WHAT TO DO: Quote the listing below in full and exactly as written, but omit every picture.

DATA FOR ANALYSIS:
▼▼▼

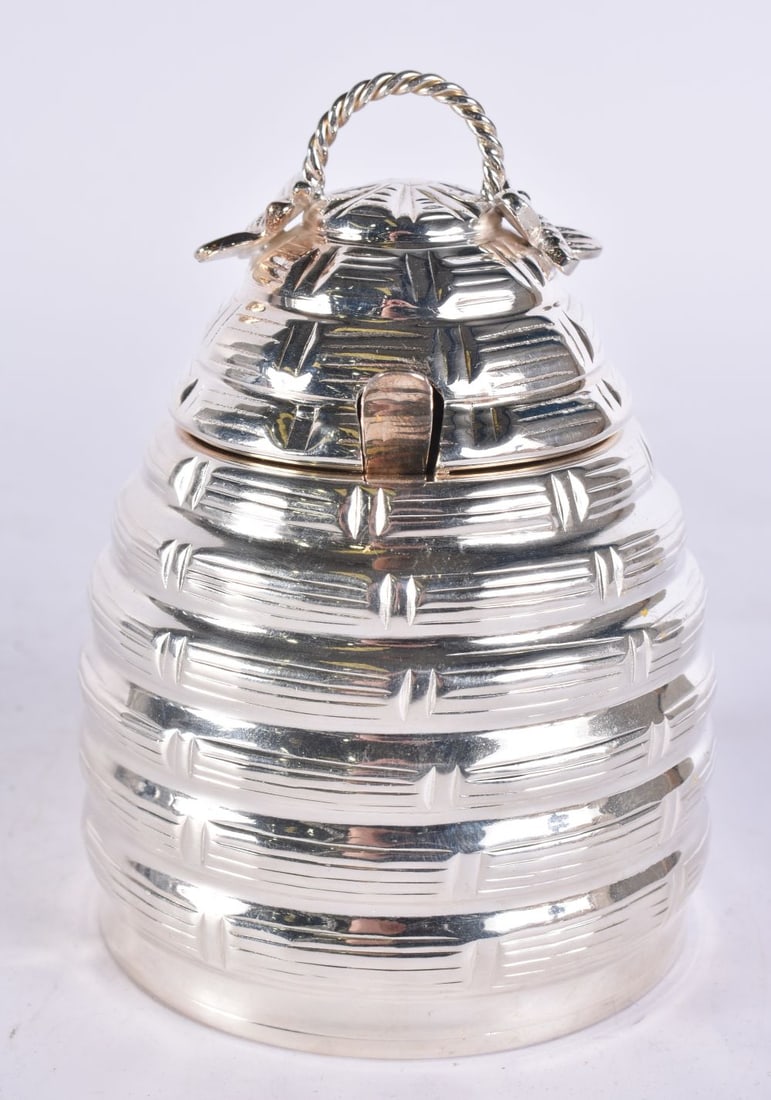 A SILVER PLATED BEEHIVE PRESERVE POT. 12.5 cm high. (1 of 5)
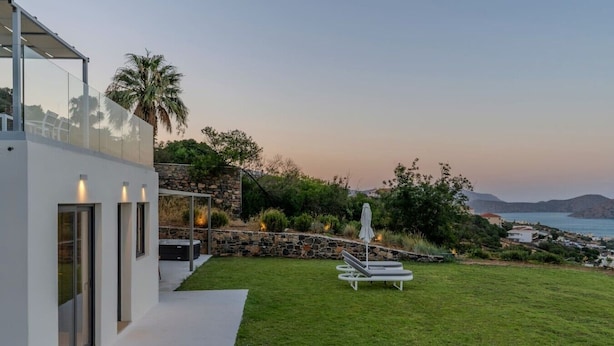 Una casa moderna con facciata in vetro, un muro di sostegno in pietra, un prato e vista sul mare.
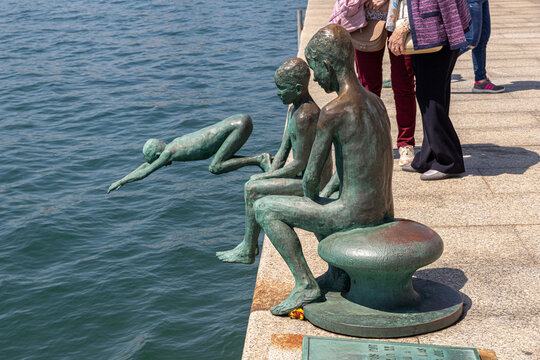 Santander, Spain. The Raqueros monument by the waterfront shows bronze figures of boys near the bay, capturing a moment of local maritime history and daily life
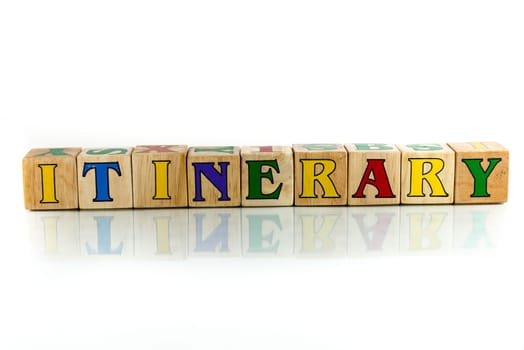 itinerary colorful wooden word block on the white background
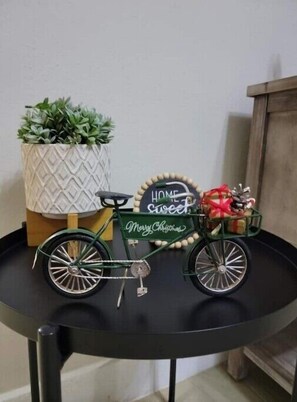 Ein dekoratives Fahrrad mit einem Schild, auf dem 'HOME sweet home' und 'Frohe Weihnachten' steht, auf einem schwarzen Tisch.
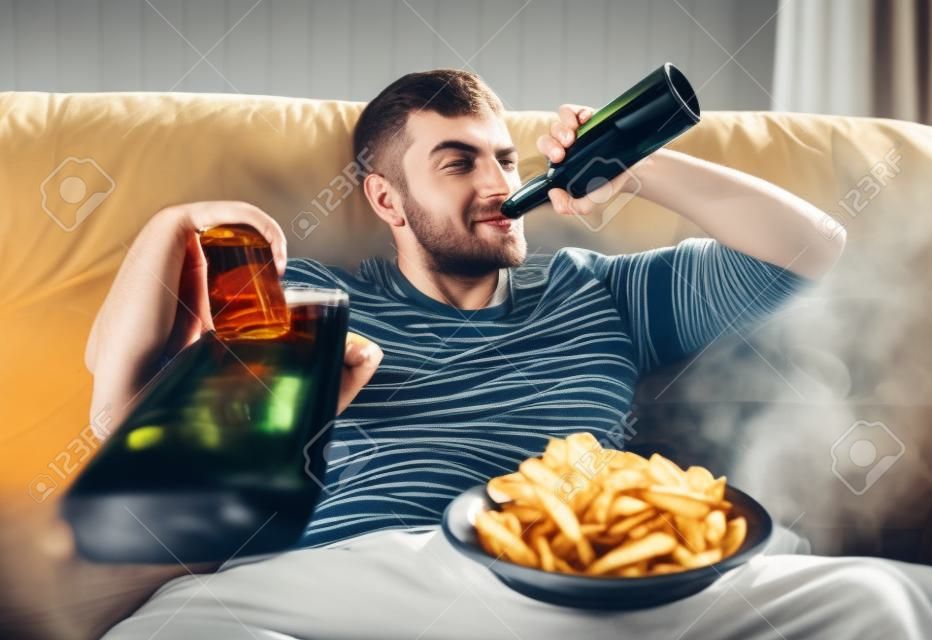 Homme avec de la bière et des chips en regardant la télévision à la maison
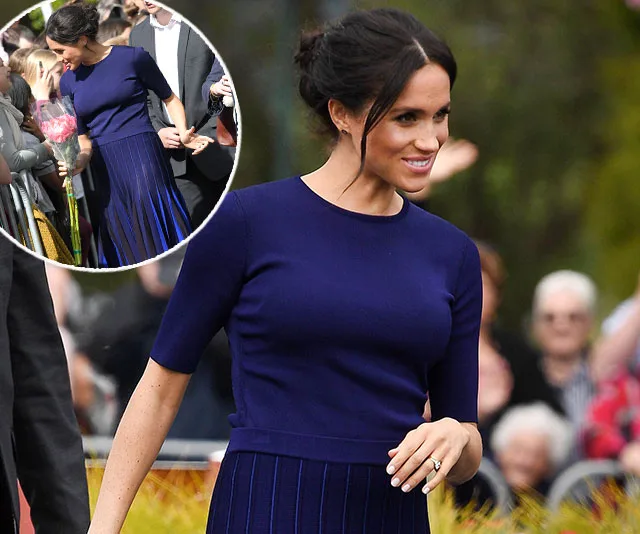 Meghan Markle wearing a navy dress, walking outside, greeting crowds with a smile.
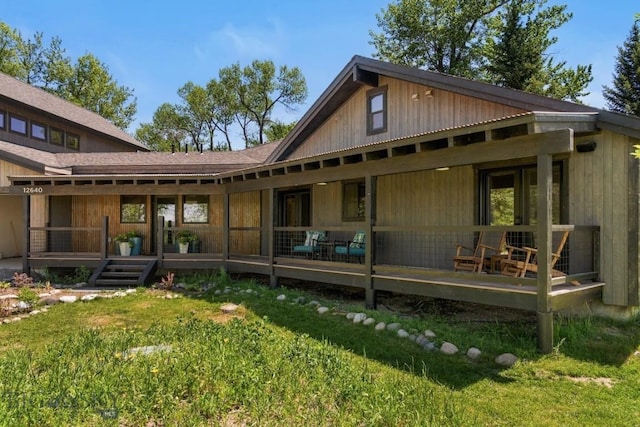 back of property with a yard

▲▲▲

EXPECTED ANSWER:
 A SILVER PLATED BEEHIVE PRESERVE POT. 12.5 cm high. (1 of 5)
 Una casa moderna con facciata in vetro, un muro di sostegno in pietra, un prato e vista sul mare.
 Santander, Spain. The Raqueros monument by the waterfront shows bronze figures of boys near the bay, capturing a moment of local maritime history and daily life
 itinerary colorful wooden word block on the white background
 Ein dekoratives Fahrrad mit einem Schild, auf dem 'HOME sweet home' und 'Frohe Weihnachten' steht, auf einem schwarzen Tisch.
 Homme avec de la bière et des chips en regardant la télévision à la maison
 Meghan Markle wearing a navy dress, walking outside, greeting crowds with a smile.
 back of property with a yard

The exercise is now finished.